▶ **Data under study**:
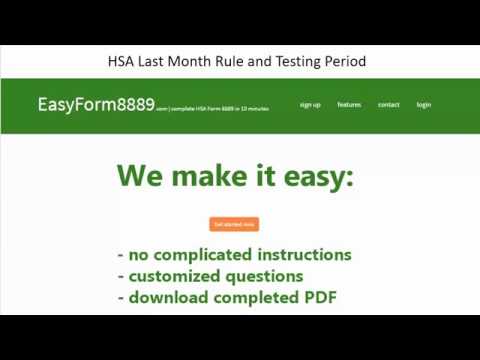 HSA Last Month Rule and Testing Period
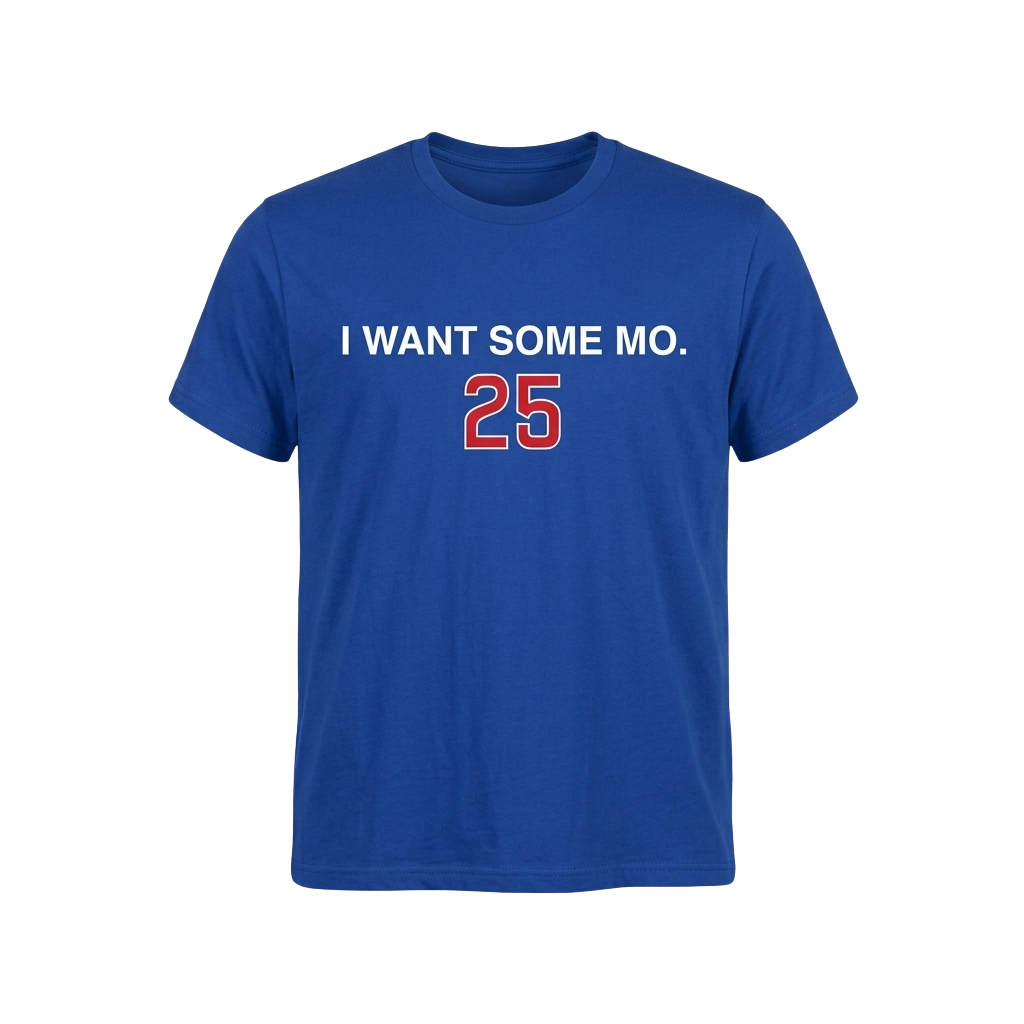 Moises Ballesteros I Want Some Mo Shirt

==

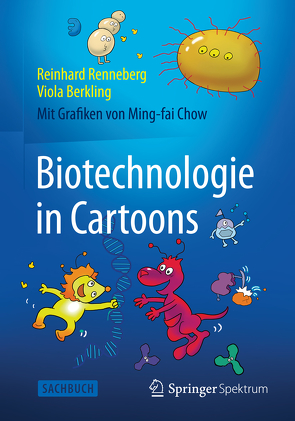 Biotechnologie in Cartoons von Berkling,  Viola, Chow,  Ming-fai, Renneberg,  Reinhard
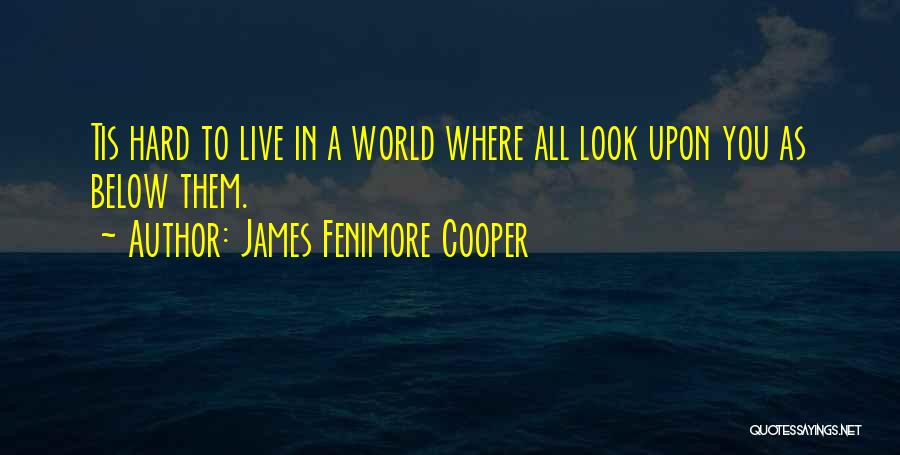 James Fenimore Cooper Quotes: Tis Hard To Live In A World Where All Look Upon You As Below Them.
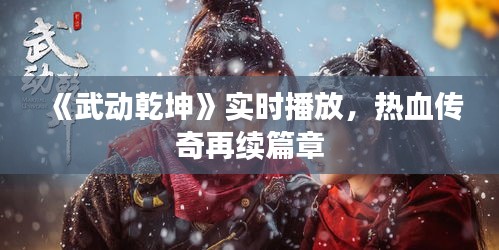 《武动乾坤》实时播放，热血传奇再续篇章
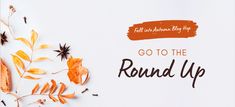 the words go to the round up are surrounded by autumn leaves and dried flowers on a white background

---

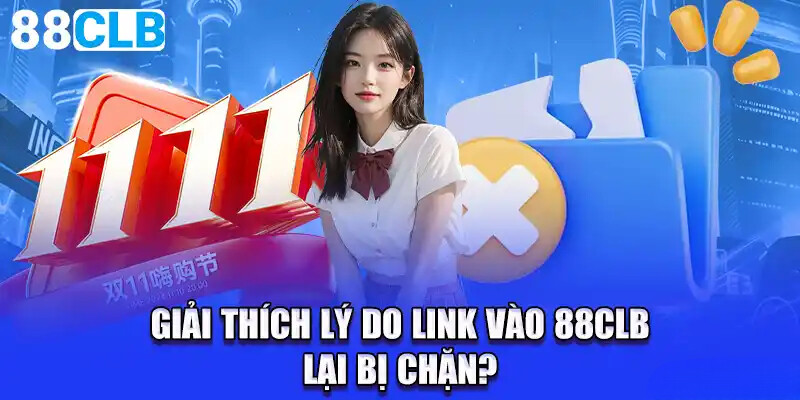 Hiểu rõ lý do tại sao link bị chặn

▶ **What needs to be done**: Above, find the line holding "HSA Last Month Rule and Testing Period" and the line holding "Moises Ballesteros I Want Some Mo Shirt". Print exactly those two lines and every line between them, but no pictures.

▶ **Your response**:
 HSA Last Month Rule and Testing Period
 Moises Ballesteros I Want Some Mo Shirt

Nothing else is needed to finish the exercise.